╔══

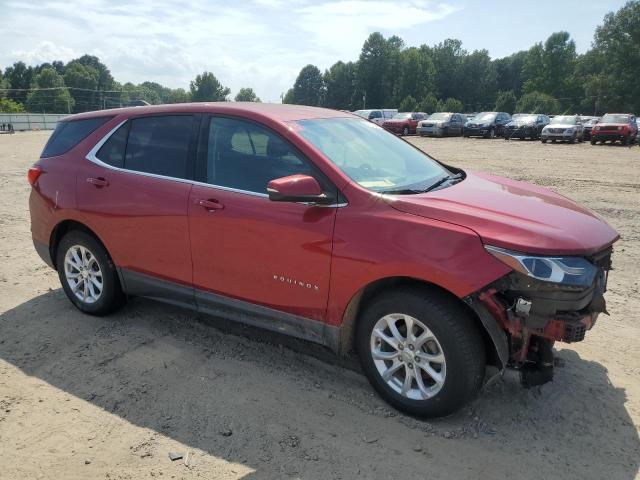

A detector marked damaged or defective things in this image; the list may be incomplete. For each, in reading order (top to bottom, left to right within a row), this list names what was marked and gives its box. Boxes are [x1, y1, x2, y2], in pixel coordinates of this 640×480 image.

damaged front bumper [462, 248, 612, 386]
exposed bumper structure [462, 248, 612, 386]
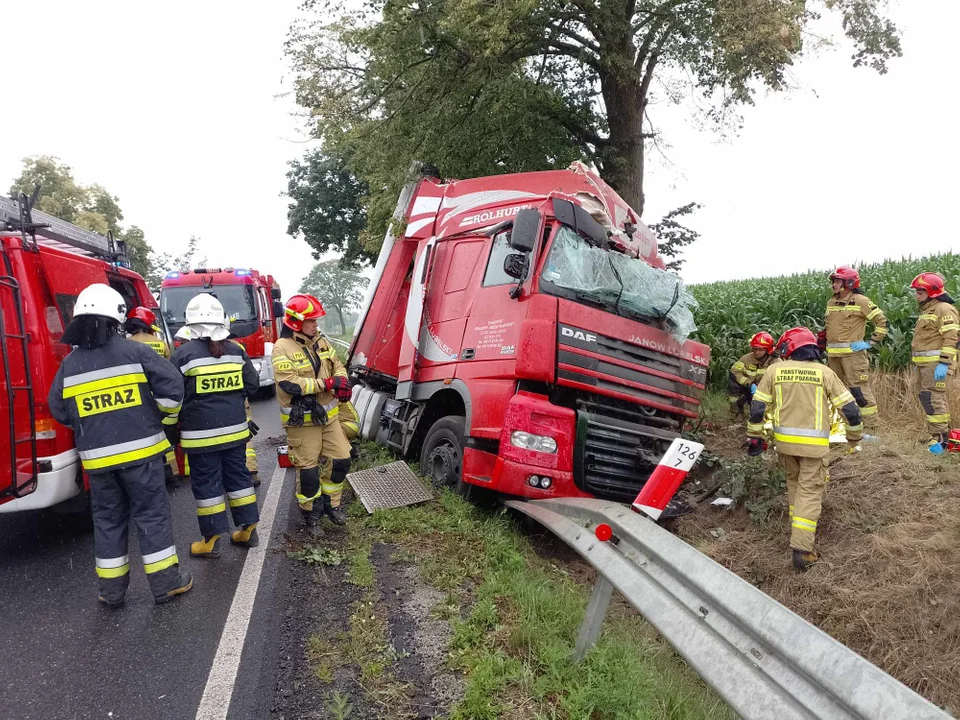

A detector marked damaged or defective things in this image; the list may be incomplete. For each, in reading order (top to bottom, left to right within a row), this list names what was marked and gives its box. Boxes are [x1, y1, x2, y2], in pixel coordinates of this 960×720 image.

damaged truck cab [348, 165, 708, 500]
shattered windshield [540, 225, 696, 340]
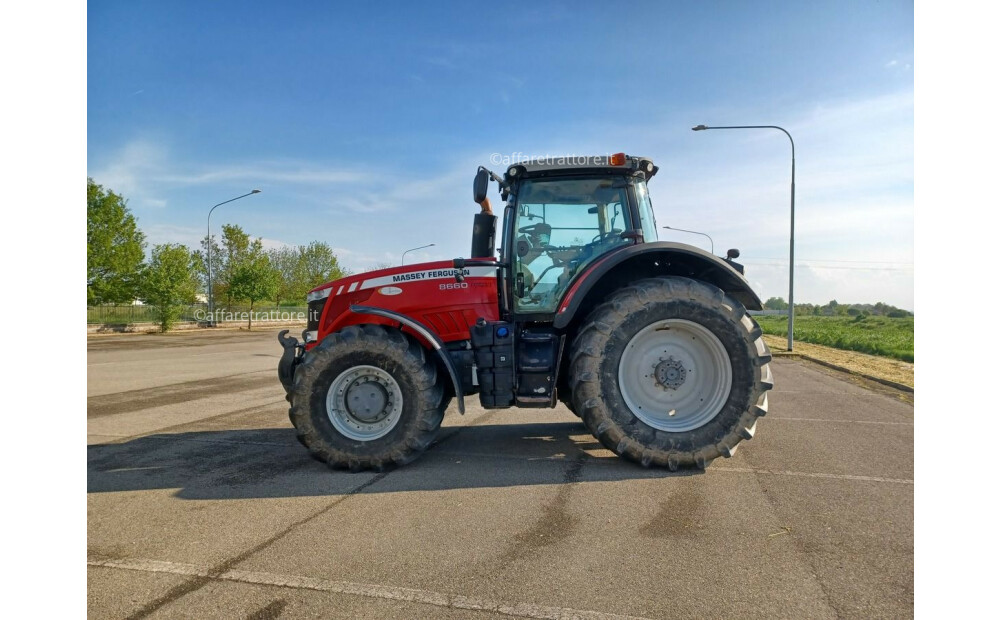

╚══

#### Action item
With the pictures left out, transcribe the material exactly.

#### Solved problem
A detector marked damaged or defective things in this image; the list may be incomplete. For each, in reading order (top to bottom, left to right within a row), this list names what was marked and gives its box. Boxes are [x1, y1, x2, y2], in pixel coordinates of this 640×480 image.

damaged front bumper [462, 248, 612, 386]
exposed bumper structure [462, 248, 612, 386]

A detector marked damaged or defective things in this image; the list may be incomplete. For each, in reading order (top to bottom, left to right within a row), this list names what was marked and gives its box. Boxes are [x1, y1, x2, y2], in pixel coordinates of this 960×720 image.

damaged truck cab [348, 165, 708, 500]
shattered windshield [540, 225, 696, 340]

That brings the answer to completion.